I'm geting ready to build a 36x36x36 cube aquArium and I was wondering what glass thickness would be ok...


----------



## pistolpete (Dec 28, 2009)

That really depends on what you consider acceptable safety factors and deflection. I think 12mm (1/2 inch) would be minimum. 
3 feet is a very deep tank and IMO you are asking for trouble no matter what thickness you use.

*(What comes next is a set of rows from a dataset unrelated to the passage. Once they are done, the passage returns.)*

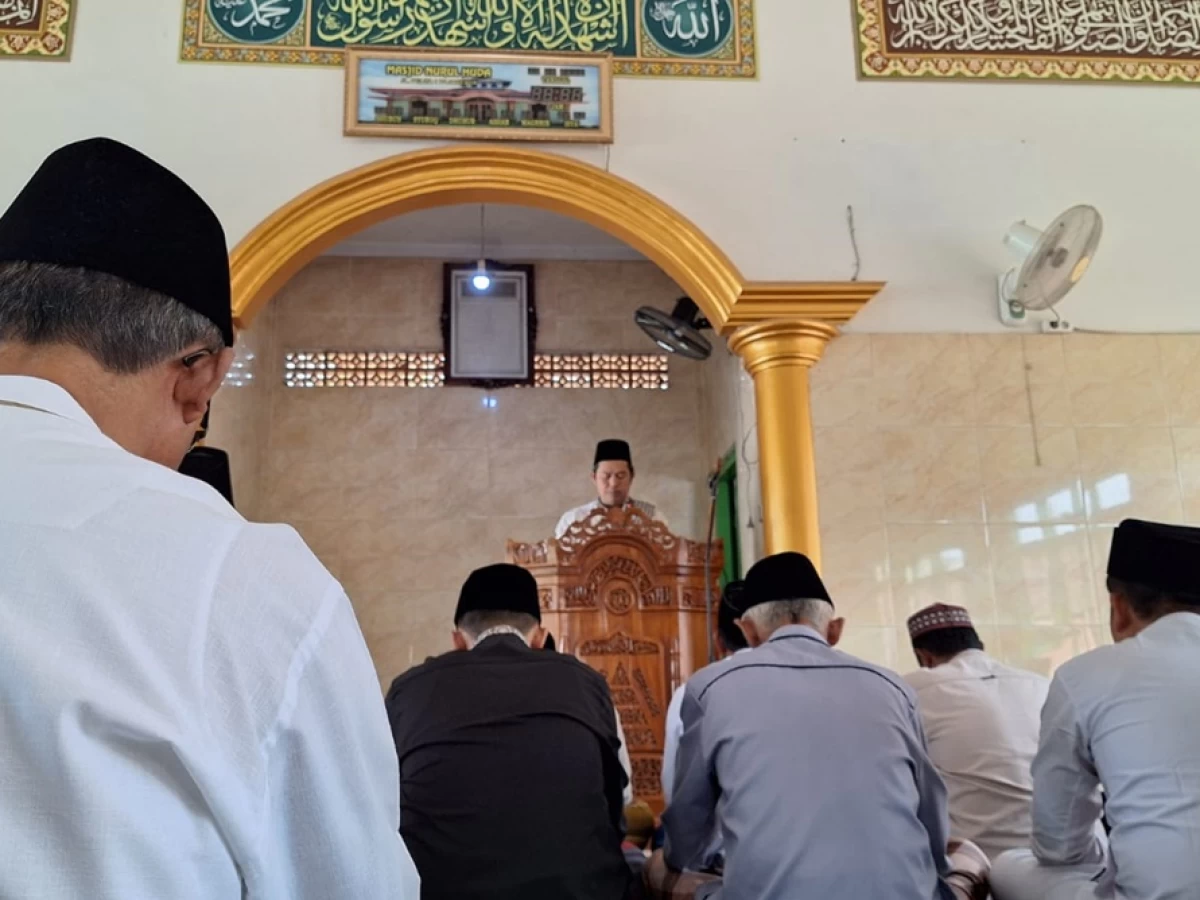 Khutbah Jumat: Menjaga Hubungan Baik dengan Tetangga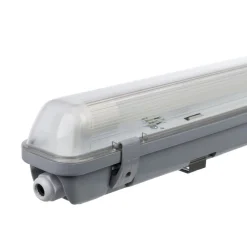 Müller-Licht Aqua-Promo 1/60 fuktsikker armatur, 68 cm, G13, 840 lm, 4000 K| Teknisk Lys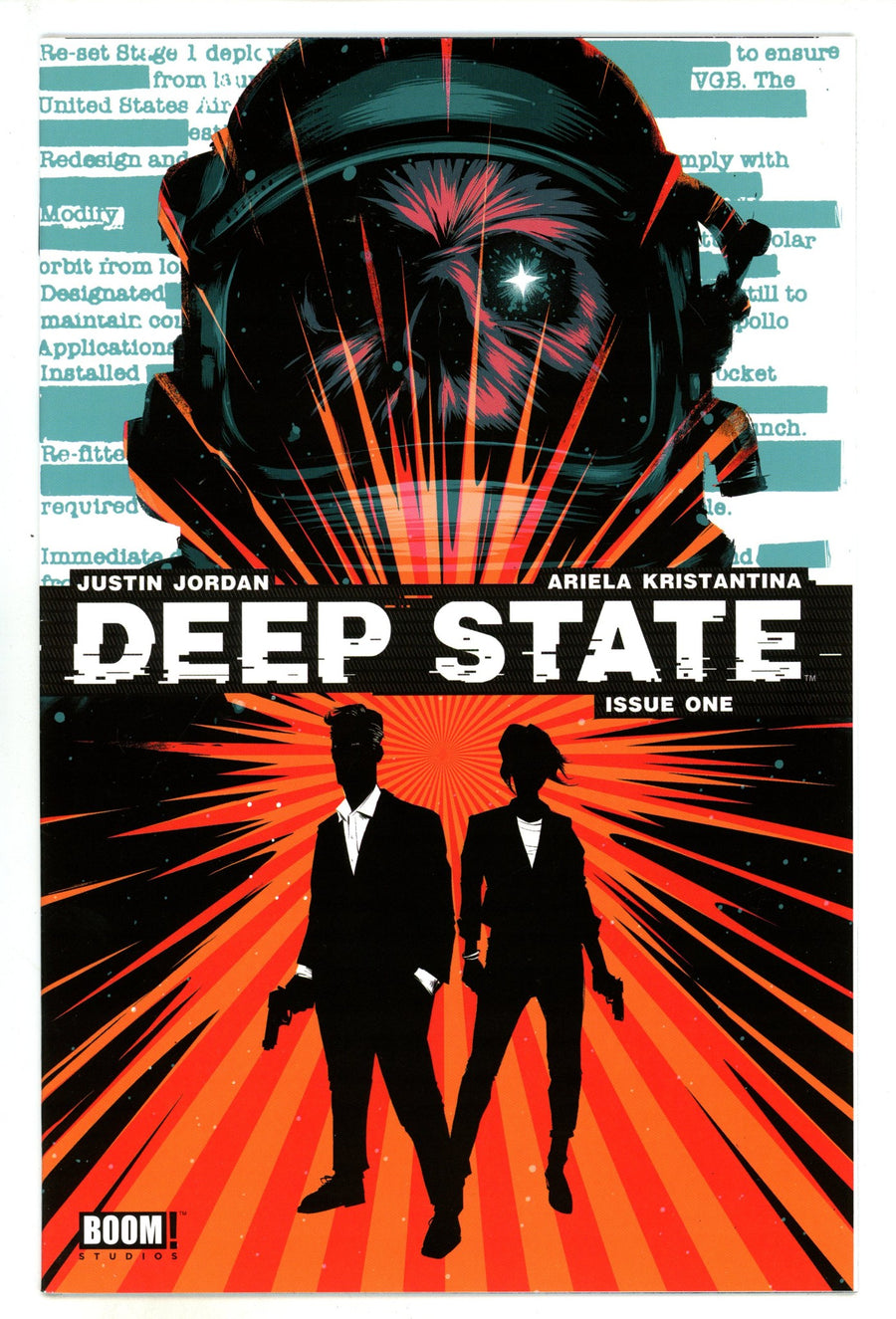 Deep State   1  High Grade   (2014)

I'd very much recommend a welded angle iron rim top and bottom.


----------



## sl7rips (Apr 18, 2011)

Would it just be safer to step it down to a 32x32x32 witch would make it 142 gallons


----------



## BigDaddyK (Nov 6, 2006)

36" high demands 3/4" IMHO. 1/2" should not exceed 26"


----------



## sl7rips (Apr 18, 2011)

Thanks time to go get glass prices.


----------



## Chunkanese (Feb 4, 2011)

Atleast 3/4 inch. I still think a rim should be used, glass and silicone are strong but the weight and pressure could eventually lead to failure. I know all to well. Was once lifting a 3000 glass piece with a crane at work, it was a insulated piece, silicone failed from weight and piece sheared off. Got us scared, which was a good thing because a week later the crane snapped and 6000 lbs fell 3 feet from us where normal we would be standing a week before. Moral of the story, be careful, sometimes things don't work as expected.


----------



## BillD (May 17, 2005)

36" deep? How long are your arms?


----------



## DanniGirl (Jan 25, 2007)

Chunkanese said:


> I know all to well. Was once lifting a 3000 glass piece with a crane at work, it was a insulated piece, silicone failed from weight and piece sheared off. Got us scared, which was a good thing because a week later the crane snapped and 6000 lbs fell 3 feet from us where normal we would be standing a week before.


Wow, you were all lucky!


----------



## Chunkanese (Feb 4, 2011)

DanniGirl said:


> Chunkanese said:
> 
> 
> > I know all to well. Was once lifting a 3000 glass piece with a crane at work, it was a insulated piece, silicone failed from weight and piece sheared off. Got us scared, which was a good thing because a week later the crane snapped and 6000 lbs fell 3 feet from us where normal we would be standing a week before.
> ...


Yep it was me and my 2 friends, very lucky. We were pretty angry about the situation as they used faulty gear knowingly without telling us. Plant got closed down a month later, talk about karma. :thumb:

Sorry dont mean to hijack. Thats a good point, 36 inches deep, might need a scuba mask when your trying to catch a fish! 

What type of fish do you plan on housing in this, just out of curiousity?


----------



## RRasco (Aug 31, 2006)

My 110 is 30" tall. Not sure how thick the glass is, but it's pretty hefty. Probably leaning towards 3/4". And it is VERY hard for me to remove rocks or do much work in the tank. Especially since I am only 5'6".


----------



## Cunados (Apr 13, 2011)

My 150g is 30" tall and I HATE working on the bottom of the tank. I'm 6'2" and it's a PITA. Last tank I'll ever own that's this deep.


----------



## Coln (Dec 17, 2007)

My tank is 70cm deep and is not easy to do stuff at bottom of the tank


----------